With that, I will turn it over to my office mate.

Jonathan Schwartz

Thank you, Jonathan. As Jonathan has discussed the product performance in detail, I want to give you some additional color on the regional performance and give some examples of growing geographies for Sun.

The North America region was the weakest in the quarter and was down nearly 13% from last year. Looking specifically at the northeastern financial services sector, it was down more than 20% in Q1 year-over-year. Telecommunications and government were roughly flat from last year, so a significant majority of the shortfall in North America was directly attributable to the troubled financial services sector.

The Europe region was down 8% year-over-year with the largest decline in the UK of over 18%. In Europe, we are certainly experiencing a slowdown, most notably from our financial services customers. We are also experiencing a shift from higher end SPARC systems to volume systems in the current sales cycle. Two Europe region highlights in Q1 were Germany and Iberia, which both exceeded expectations with strong performance in government sectors.

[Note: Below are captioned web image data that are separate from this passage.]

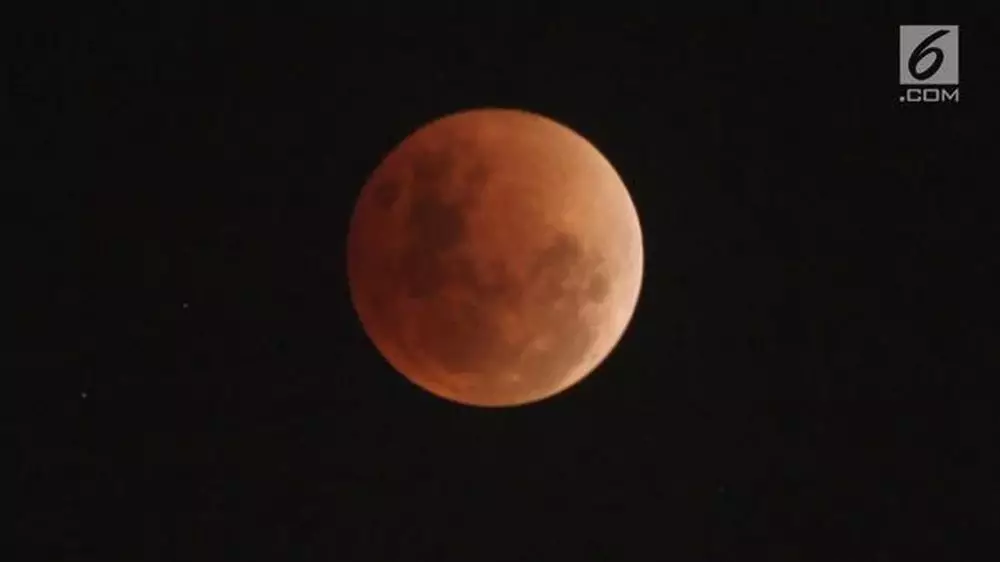 Fakta bulan purnama © 2020 liputan6.com/Arya Manggala ; AP Photo/Ariel Schalit via liputan6.com Fakta bulan purnama © 2020 liputan6.com/Arya Manggala ; AP Photo/Ariel Schalit via liputan6.com
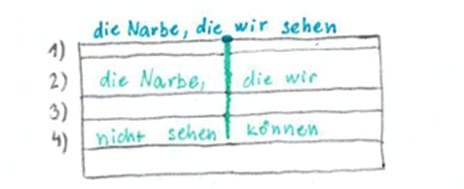 haut schichten narbe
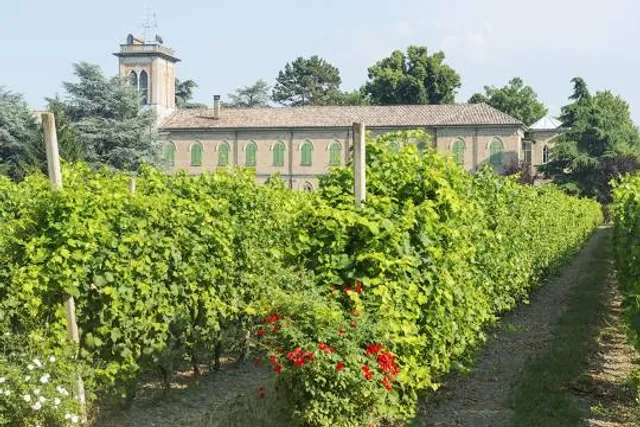 Parco delle Vincellate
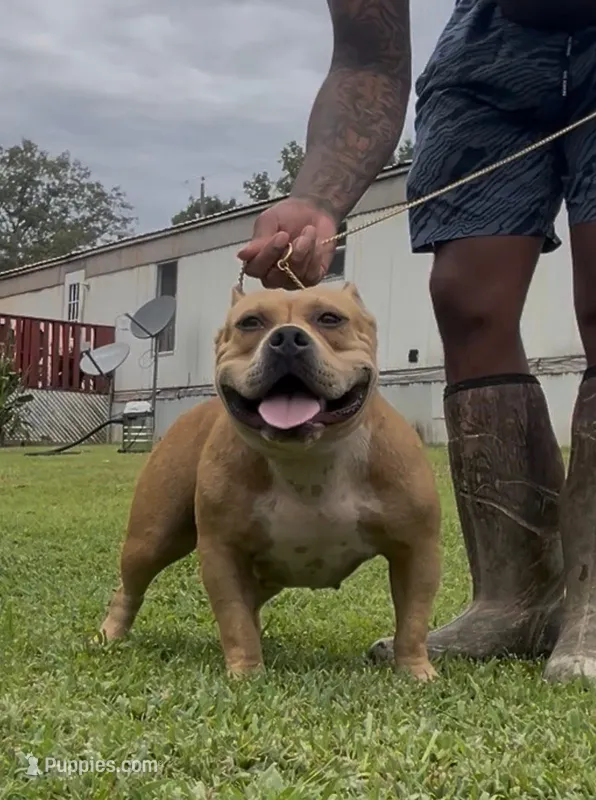 Smoochie – American Bully puppy for sale in Reform, AL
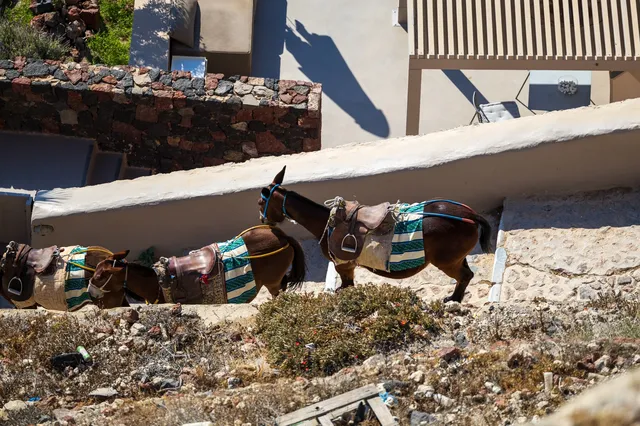 伊亞｜聖托里尼的封面女郎！
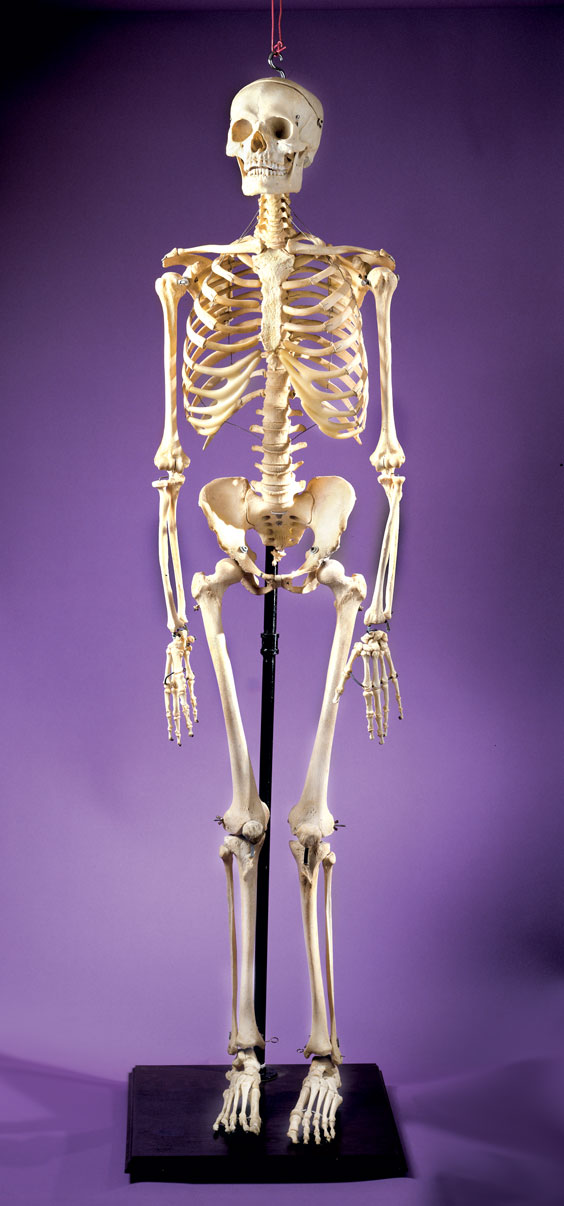 Appraisal: MEDICALLY PREPARED HUMAN SKELETON A natural bone medical-grade articulated human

The Asia Pacific region, which now includes Japan, Korea and Australia primarily and by the way, excludes China and India, which are part of the emerging markets region, was down 4% year-over-year. We still are experiencing strength in some key telecommunications markets, but are cautious overall in the outlook for financial services in Japan and Australia.

As Jonathan mentioned, we are still seeing tremendous growth in our emerging markets region of over 12% year-over-year. In Q1, Latin America, India, and a combined Russia, Middle East and Africa all grew double digits year-over-year. Greater China was the only region in the emerging markets that was down slightly year-over-year due to expected slowing for the summer Olympic Games. We will continue to deploy sales and channel development assets to these regions as the opportunity remains robust.

Turning to gross margin, overall gross margin was down 4.1 percentage points sequentially in Q1. Products, gross margin was down to 35.2% from 42.5% in Q4. There are essentially three major areas that contributed to this sequential decline. The first is pricing and discounting and the relationship of those actions to our cost reductions.

In most quarters, we expect the effect of pricing and discounting to be largely offset by product and component cost reductions. During Q1, we did not experience the normal level of cost reductions. Accordingly, the impact of additional discounting and pricing actions resulted in approximately three points of the sequential reduction in products gross margin.

The second factor is the mix of products shipped in any quarter. As mentioned earlier, we experienced a decrease in the percentage of shipments from our high end products including FAPE which carried higher relative margins. We have experienced increases in both our Chip Multithreading Technology and x64 base products. As a result, the impact of the mix shift resulted in a sequential decline of approximately two points.

The third factor in Q1 related to an increase in excess and obsolete inventory. As we approach the end of any major product family, in this case, the UltraSPARC IV family, we estimate our requirements for inventory to accommodate customers who will want to keep these products in their infrastructure longer and for certain long-term contracts. In essence, we make what is commonly called last time buys for components well in advance of when these products will be phased from our price list.

This is not a new practice here at Sun. What was different this time was the near term impact. Since much of the UltraSPARC IV family is at the high end and since demand has dropped off considerably in the last few months, a larger portion of the last time buy has necessarily been considered excess and obsolete at this time. There were some other elements to this, but it is fair to say that there was about a two point sequential decline in product gross margins due to the incremental excess and obsolete inventory related to the last time buys. We view E&O at this type of level as nonrecurring.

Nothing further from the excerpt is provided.